2.2. Literature Review and Hypotheses Development

A systematic analysis of the recent literature allowed us to recognize the main areas of research interest in management and psychological studies about workers’ well-being. We obtained the following main topics: job stressors, organizational identification, leadership style, and ethical climate.
Recent studies have suggested that job stress may be associated with negative health and mental well-being outcomes (Karasek 1979). For example, Tyssen et al. (2000) found evidence that job stress is a risk factor for poor mental well-being among working adults in Norway. Law et al. (2020) also indicated a strong relationship between job stress and the poor mental health of young workers. The relationship between job stress and negative mental well-being is well established. Hence, the literature has shown that high levels of stress at work can lead to psychological consequences in overall well-being (Mensah 2021). The stress associated with carrying out a professional activity was often underestimated. Stress was considered physiological both by the workers themselves and by the employers. Recently, however, there has been more talk of so-called burnout syndrome (Schaufeli and Bakker 2004). On the basis of the most recent studies conducted, we hypothesized, therefore, that the level of job stressors is associated with workers’ overall mental well-being.
Job stressors will be associated with a worse level of mental well-being, according to WHO-5.
Recent studies have highlighted how management can direct some organizational variables to improve worker satisfaction and well-being. Organizational identification, leadership style, and ethical climate seem to be the most important drivers on this topic.

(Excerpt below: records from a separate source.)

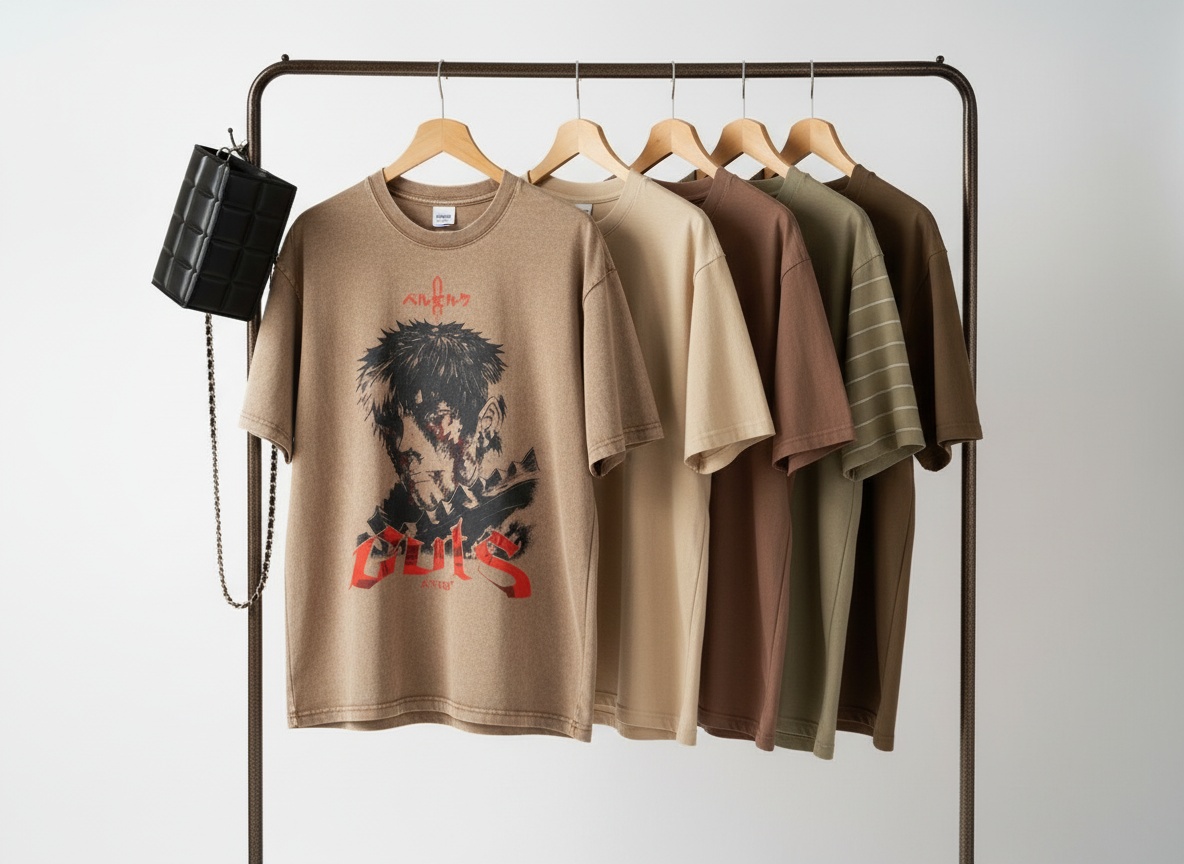Camisetas oversize al por mayor en Panamá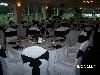 Banquet Hall, Pebble Creek Golf Club, Tampa — Beautiful place settings with golf course views make for GREAT PICTURES!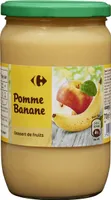 Pomme banane Dessert de fruits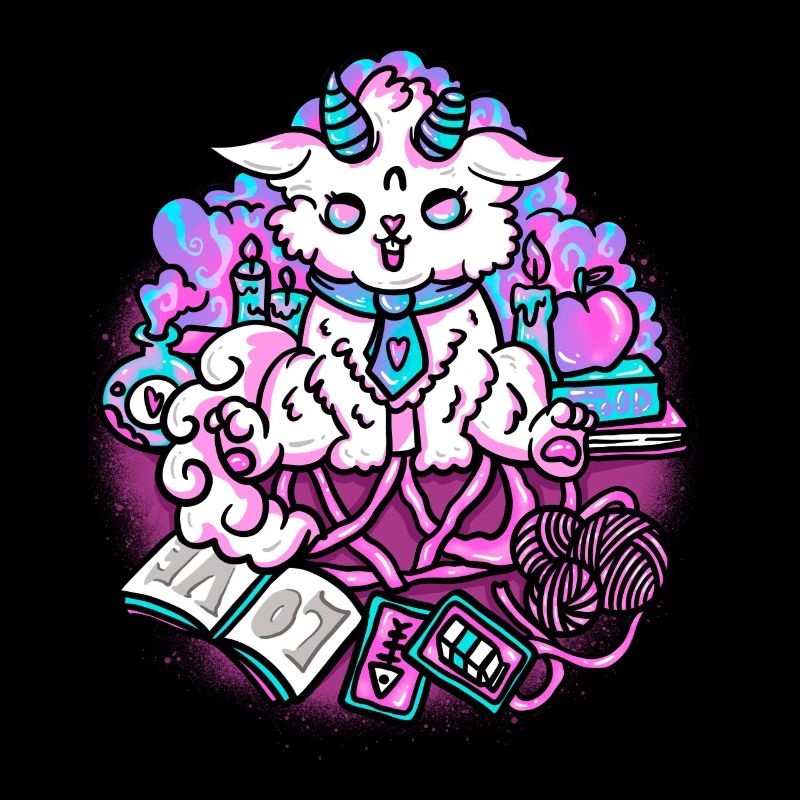 Demons Cat Summoning Cute Cat Devil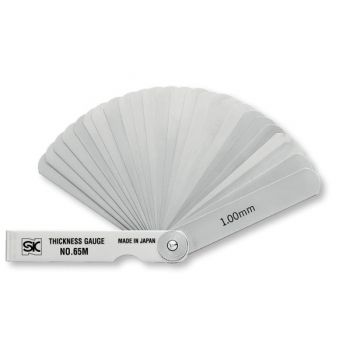 Bộ căn lá đo khe hở 0.01-1mm 19 lá Niigataseiki 150ML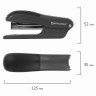 Степлер №24/6, 26/6 BRAUBERG "SX-39", до 25 листов, черный, 228590 по низкой цене оптом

Organizational identification is defined as the process through which individuals develop a connection with the organization for which they are working (Ashforth and Mael 1989). This connection is not merely a cognitive process of recognizing membership in an organization but also involves an emotional bond and dedication toward the organization (Pratt 1998). Recent literature has shown how highly “identified” individuals also commonly (although not indisputably; see Conroy et al. 2017 for a review) report higher levels of a number of outcomes in the workplace, such as higher job satisfaction, lower work-related stress and lower turnover intentions (Wegge et al. 2006; Lee et al. 2015).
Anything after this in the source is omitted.